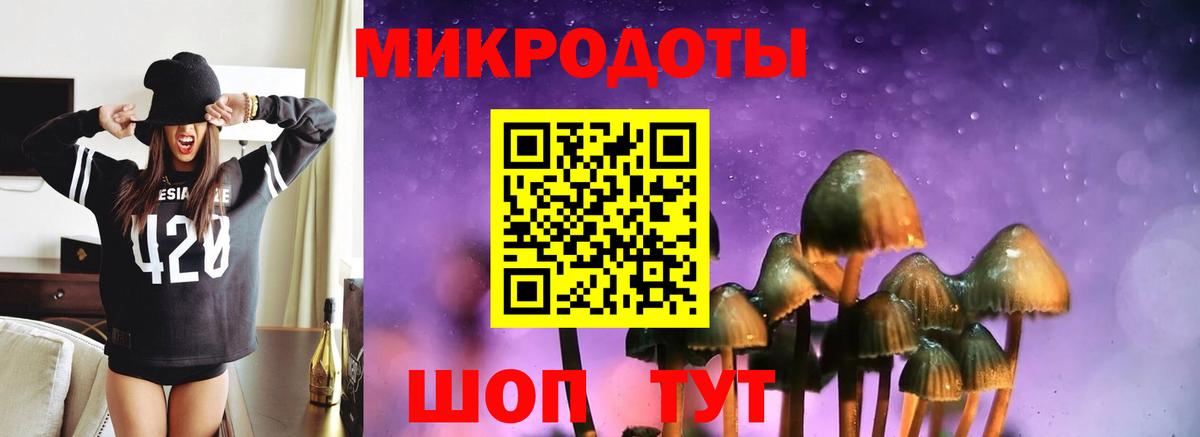 Псилоцибиновые грибы Psilocybine cubensis Гагарин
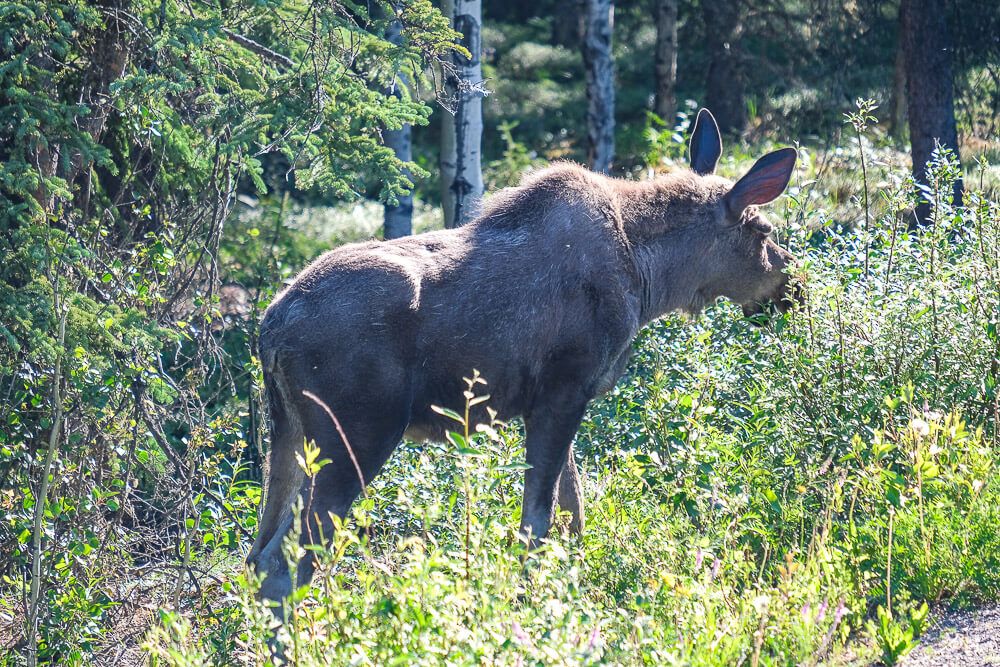 moose on denali tundra wilderness tour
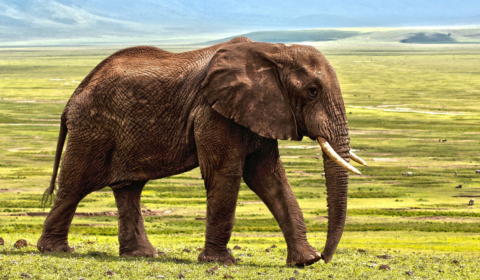 Elephant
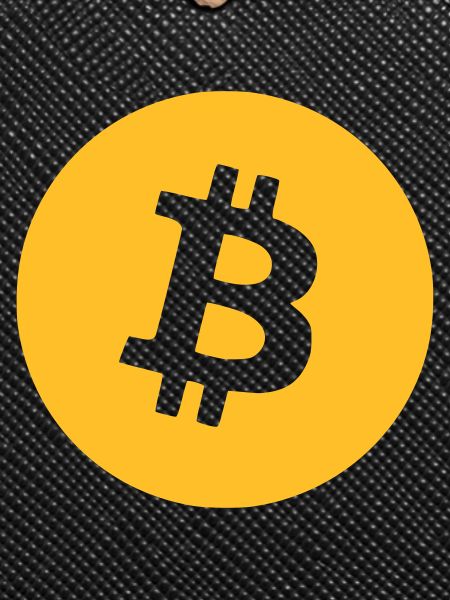 Le bitcoin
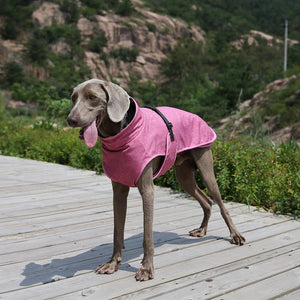Winter Outdoor Ski Suit Pet Shell Jacket: The Ultimate Winter Wear for Your Pet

== == ==

> **What is expected**:
The data is to be returned exactly as it stands, pictures aside.

> **Result**:
 Псилоцибиновые грибы Psilocybine cubensis Гагарин
 moose on denali tundra wilderness tour
 Elephant
 Le bitcoin
Winter Outdoor Ski Suit Pet Shell Jacket: The Ultimate Winter Wear for Your Pet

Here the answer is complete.